*Exercise objective:* From the records below, print exactly the lines starting at the one containing "Kana Yume loves" and ending at the one containing "Here Kitty Cat Paws Baby T-Shirt (Front)", ends included, and nothing else.

*** Block opens ***

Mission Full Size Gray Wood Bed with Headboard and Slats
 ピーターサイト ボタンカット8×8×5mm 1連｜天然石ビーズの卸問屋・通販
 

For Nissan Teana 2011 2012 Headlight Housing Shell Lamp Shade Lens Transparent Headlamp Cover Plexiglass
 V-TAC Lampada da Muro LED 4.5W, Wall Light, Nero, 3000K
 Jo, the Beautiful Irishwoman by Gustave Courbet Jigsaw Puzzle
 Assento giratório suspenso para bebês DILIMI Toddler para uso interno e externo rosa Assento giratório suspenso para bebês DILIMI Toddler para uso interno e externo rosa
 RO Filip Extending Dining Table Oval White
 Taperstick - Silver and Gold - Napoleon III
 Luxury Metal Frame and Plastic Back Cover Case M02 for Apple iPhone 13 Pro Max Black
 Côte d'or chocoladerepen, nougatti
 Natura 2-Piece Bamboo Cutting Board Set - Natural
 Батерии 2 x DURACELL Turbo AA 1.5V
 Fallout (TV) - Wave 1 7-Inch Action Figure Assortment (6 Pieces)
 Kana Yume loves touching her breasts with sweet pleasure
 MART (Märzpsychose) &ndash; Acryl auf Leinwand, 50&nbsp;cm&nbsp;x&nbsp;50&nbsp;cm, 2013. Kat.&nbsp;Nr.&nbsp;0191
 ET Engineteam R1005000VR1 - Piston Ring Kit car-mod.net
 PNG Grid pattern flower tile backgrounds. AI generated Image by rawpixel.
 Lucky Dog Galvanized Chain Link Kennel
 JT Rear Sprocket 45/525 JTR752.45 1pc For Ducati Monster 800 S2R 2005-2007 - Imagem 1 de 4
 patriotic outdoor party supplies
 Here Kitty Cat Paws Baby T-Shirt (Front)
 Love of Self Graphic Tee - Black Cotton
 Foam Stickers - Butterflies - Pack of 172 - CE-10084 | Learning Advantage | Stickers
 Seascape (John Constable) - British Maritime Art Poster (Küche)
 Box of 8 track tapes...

*** Block closes ***

*Solved problem:*
 Kana Yume loves touching her breasts with sweet pleasure
 MART (Märzpsychose) &ndash; Acryl auf Leinwand, 50&nbsp;cm&nbsp;x&nbsp;50&nbsp;cm, 2013. Kat.&nbsp;Nr.&nbsp;0191
 ET Engineteam R1005000VR1 - Piston Ring Kit car-mod.net
 PNG Grid pattern flower tile backgrounds. AI generated Image by rawpixel.
 Lucky Dog Galvanized Chain Link Kennel
 JT Rear Sprocket 45/525 JTR752.45 1pc For Ducati Monster 800 S2R 2005-2007 - Imagem 1 de 4
 patriotic outdoor party supplies
 Here Kitty Cat Paws Baby T-Shirt (Front)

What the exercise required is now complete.